*** Input data ***

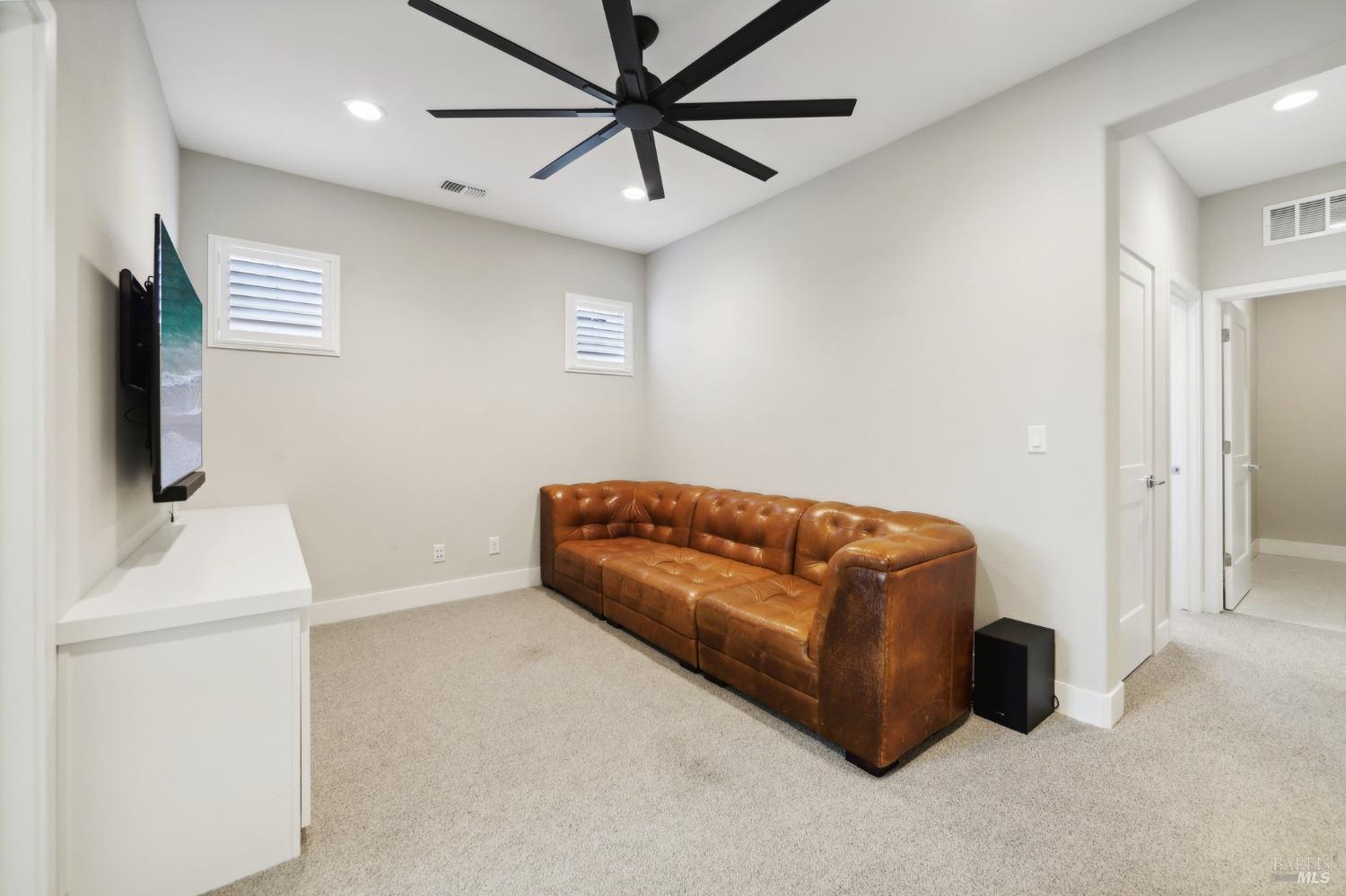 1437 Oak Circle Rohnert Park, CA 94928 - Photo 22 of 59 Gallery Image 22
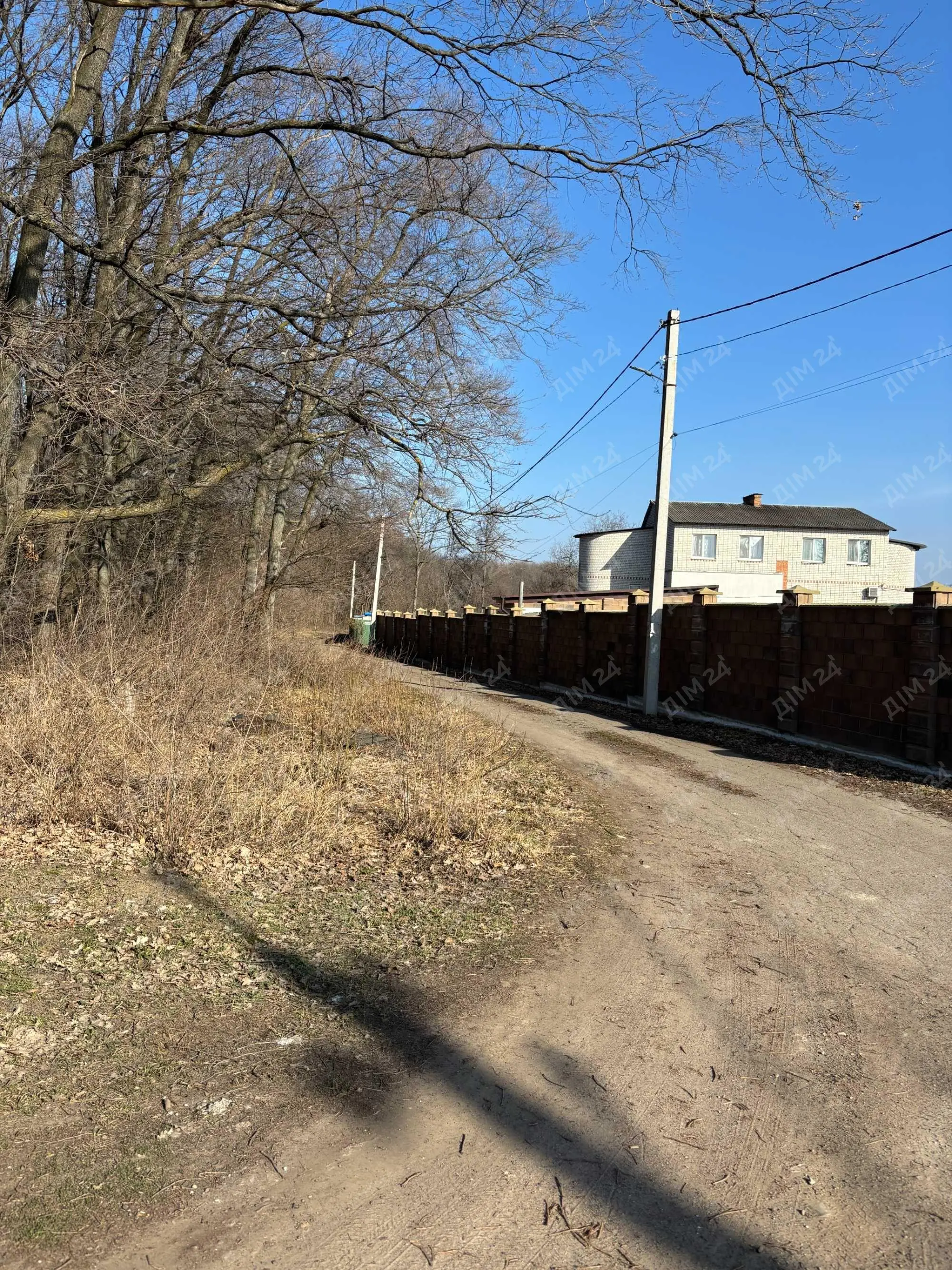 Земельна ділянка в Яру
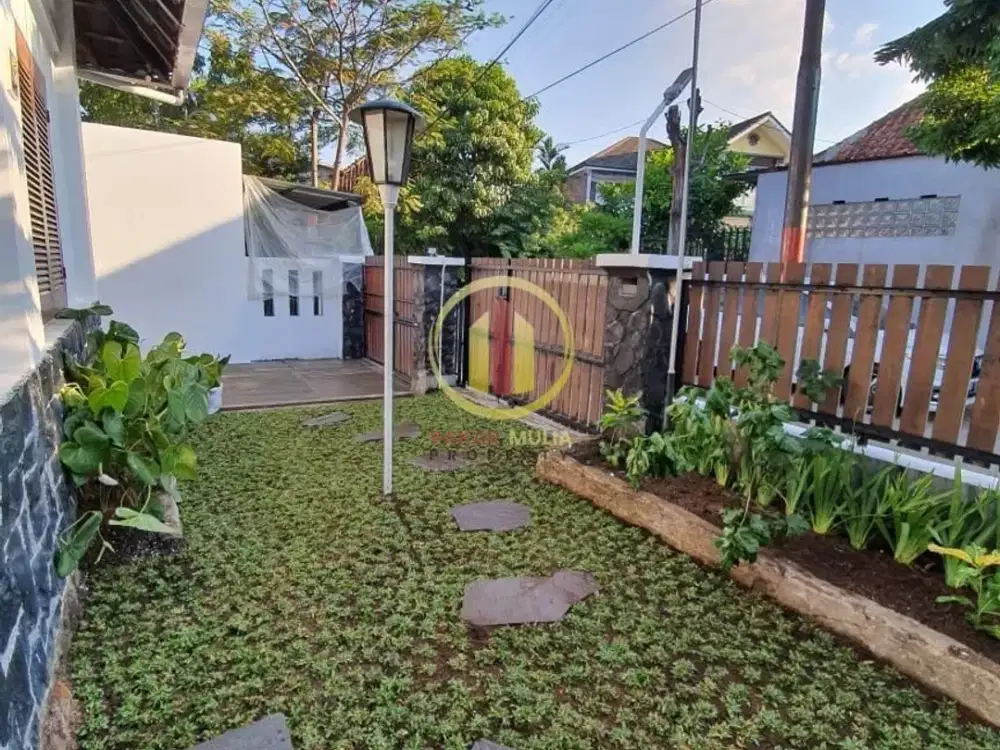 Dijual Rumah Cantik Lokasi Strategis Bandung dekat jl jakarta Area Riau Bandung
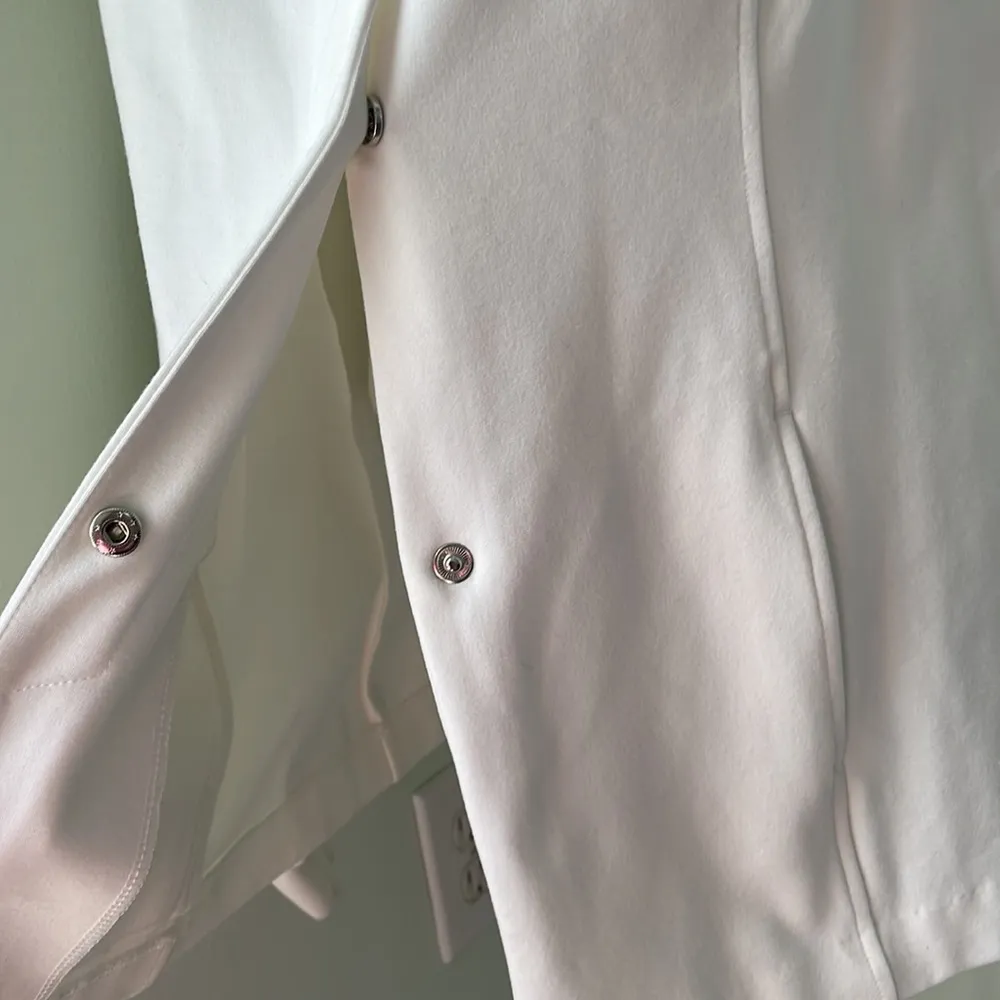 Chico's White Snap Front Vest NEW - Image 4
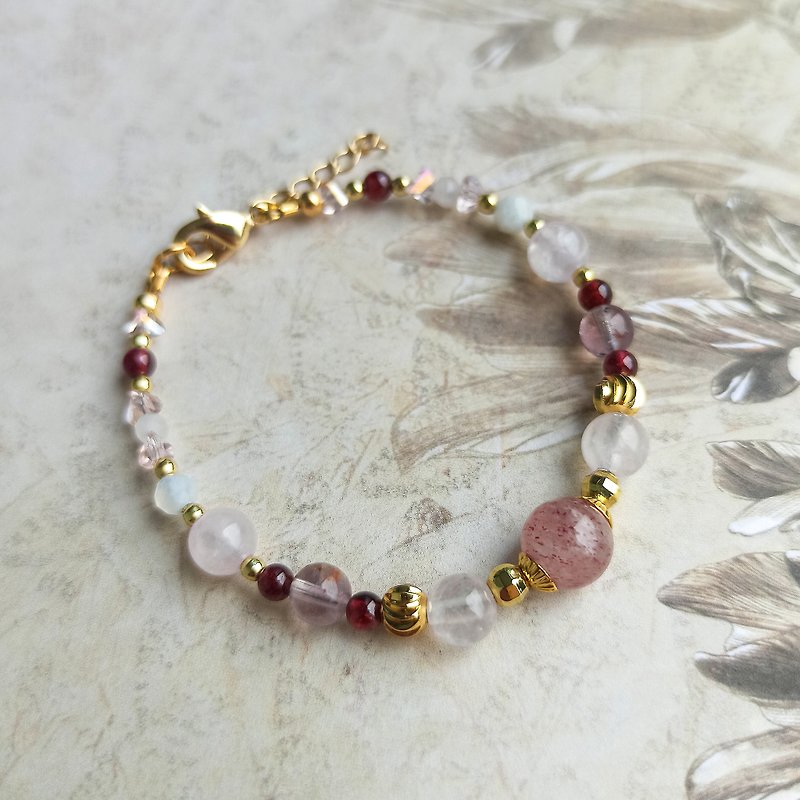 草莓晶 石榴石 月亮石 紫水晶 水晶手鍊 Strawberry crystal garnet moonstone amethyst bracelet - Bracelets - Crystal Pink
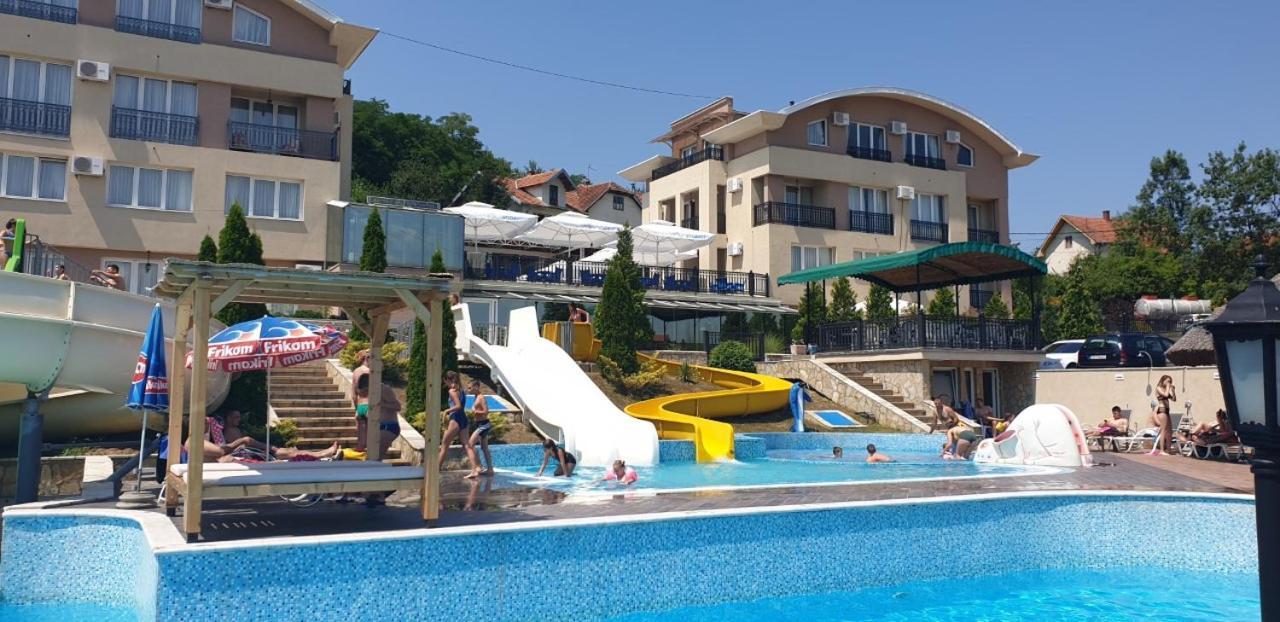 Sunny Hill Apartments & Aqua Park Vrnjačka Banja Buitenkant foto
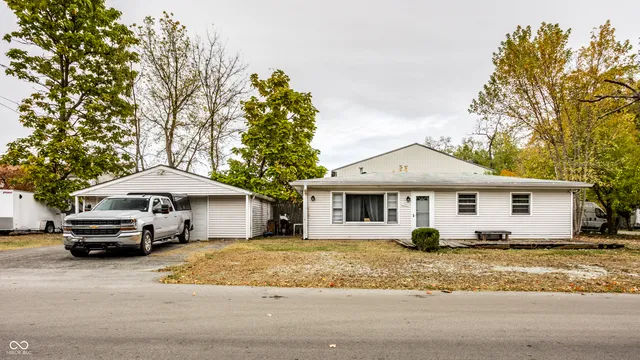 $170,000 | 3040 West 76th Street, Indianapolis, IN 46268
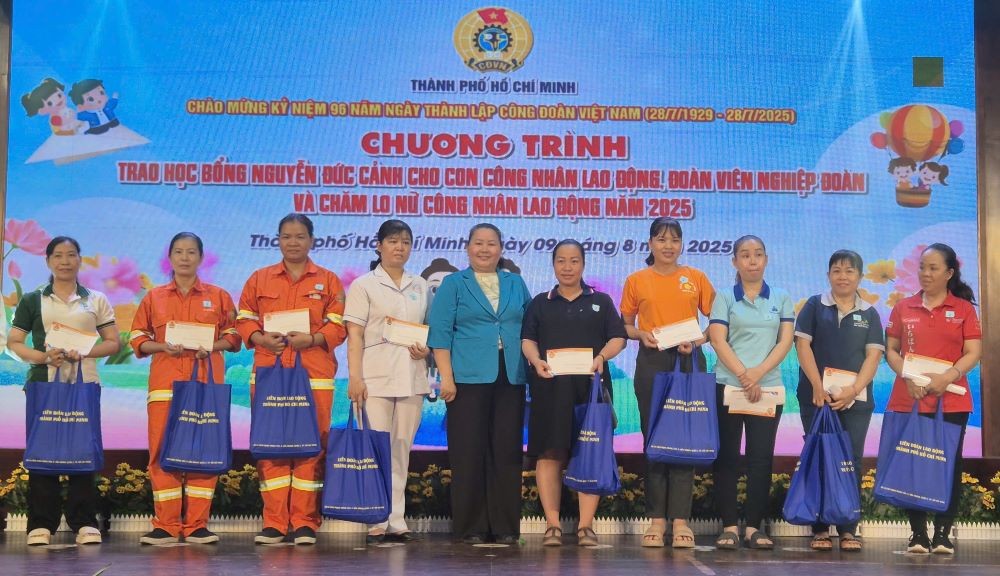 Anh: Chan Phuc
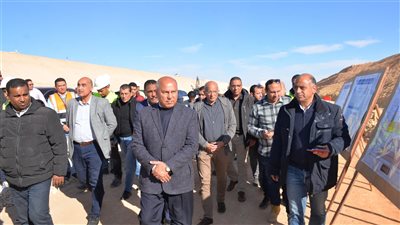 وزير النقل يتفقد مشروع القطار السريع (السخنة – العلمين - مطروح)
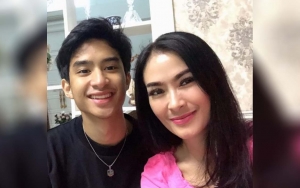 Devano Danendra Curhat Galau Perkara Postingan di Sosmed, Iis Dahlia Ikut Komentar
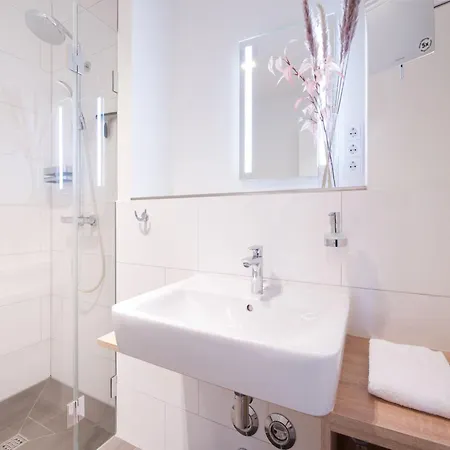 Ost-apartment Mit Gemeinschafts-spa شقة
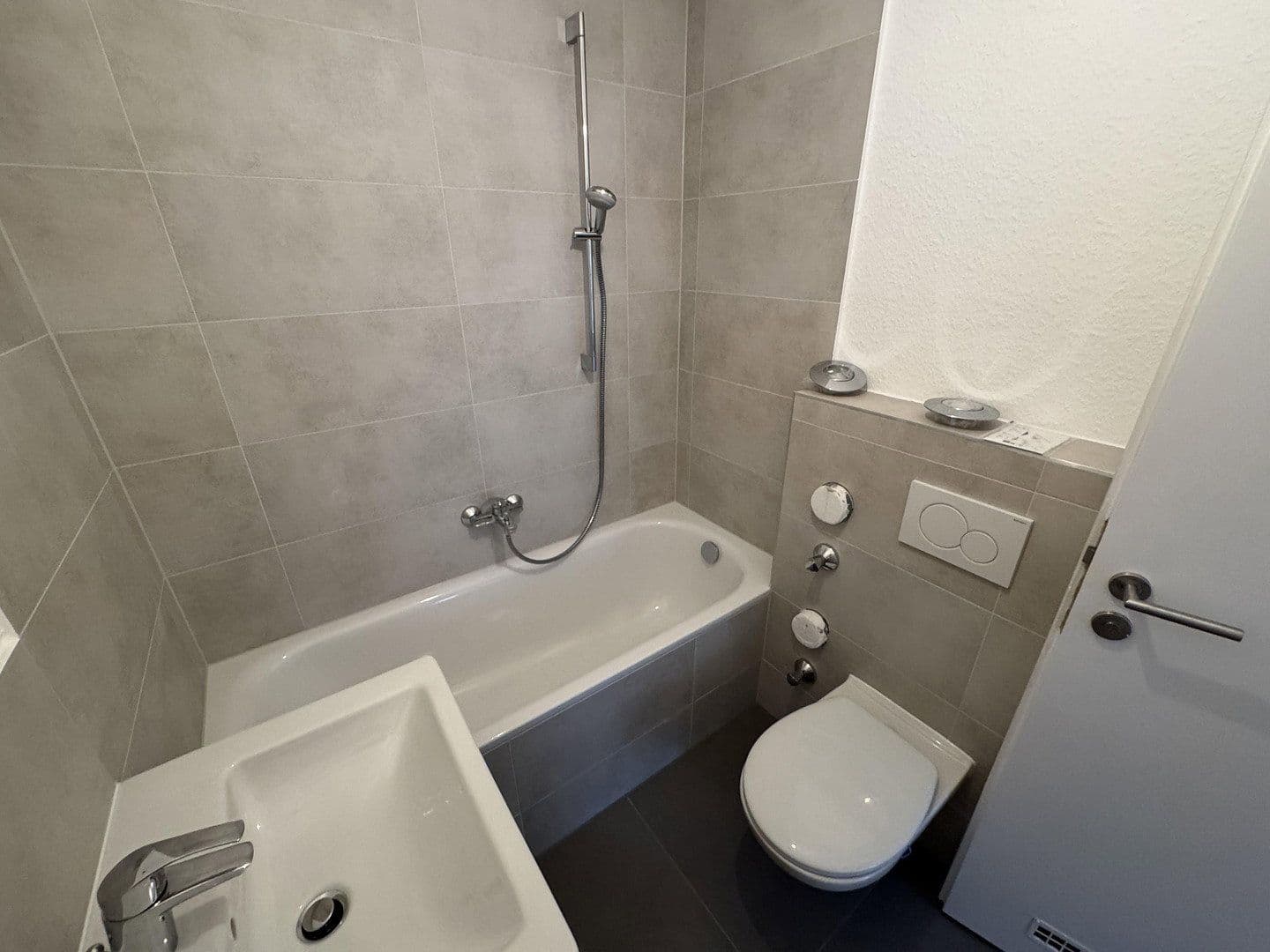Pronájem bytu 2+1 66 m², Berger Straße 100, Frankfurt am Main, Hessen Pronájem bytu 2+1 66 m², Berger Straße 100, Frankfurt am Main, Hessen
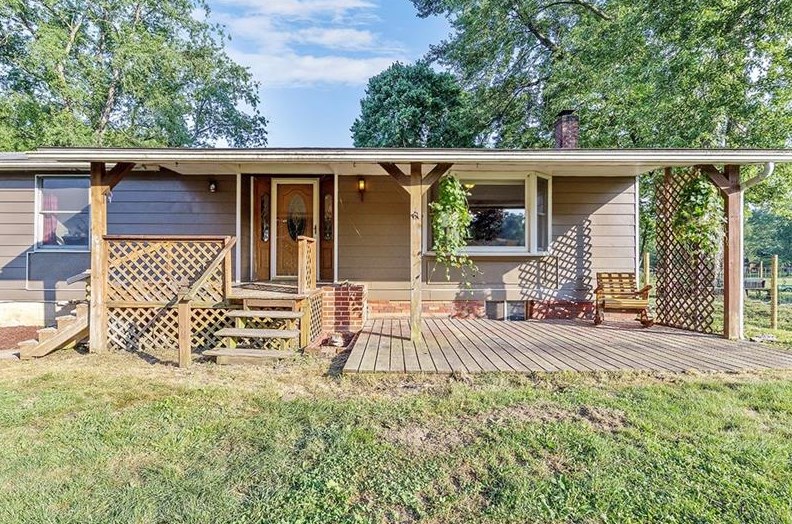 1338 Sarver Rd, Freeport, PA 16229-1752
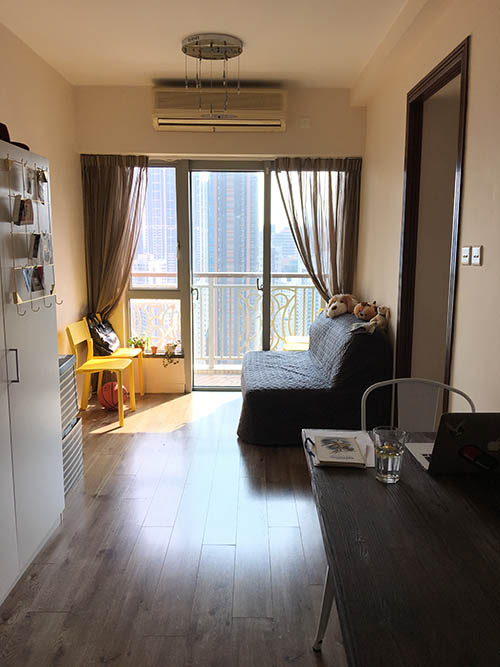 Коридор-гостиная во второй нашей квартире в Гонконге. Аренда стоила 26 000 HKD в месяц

***

### Exercise brief:
With the pictures omitted, copy the entries above exactly from the line containing "Dijual Rumah Cantik" through the line containing "Ost-apartment Mit Gemeinschafts-spa شقة", both lines included.

### Solution to this problem:
 Dijual Rumah Cantik Lokasi Strategis Bandung dekat jl jakarta Area Riau Bandung
 Chico's White Snap Front Vest NEW - Image 4
 草莓晶 石榴石 月亮石 紫水晶 水晶手鍊 Strawberry crystal garnet moonstone amethyst bracelet - Bracelets - Crystal Pink
 Sunny Hill Apartments & Aqua Park Vrnjačka Banja Buitenkant foto
 $170,000 | 3040 West 76th Street, Indianapolis, IN 46268
 Anh: Chan Phuc
 وزير النقل يتفقد مشروع القطار السريع (السخنة – العلمين - مطروح)
 Devano Danendra Curhat Galau Perkara Postingan di Sosmed, Iis Dahlia Ikut Komentar
 Ost-apartment Mit Gemeinschafts-spa شقة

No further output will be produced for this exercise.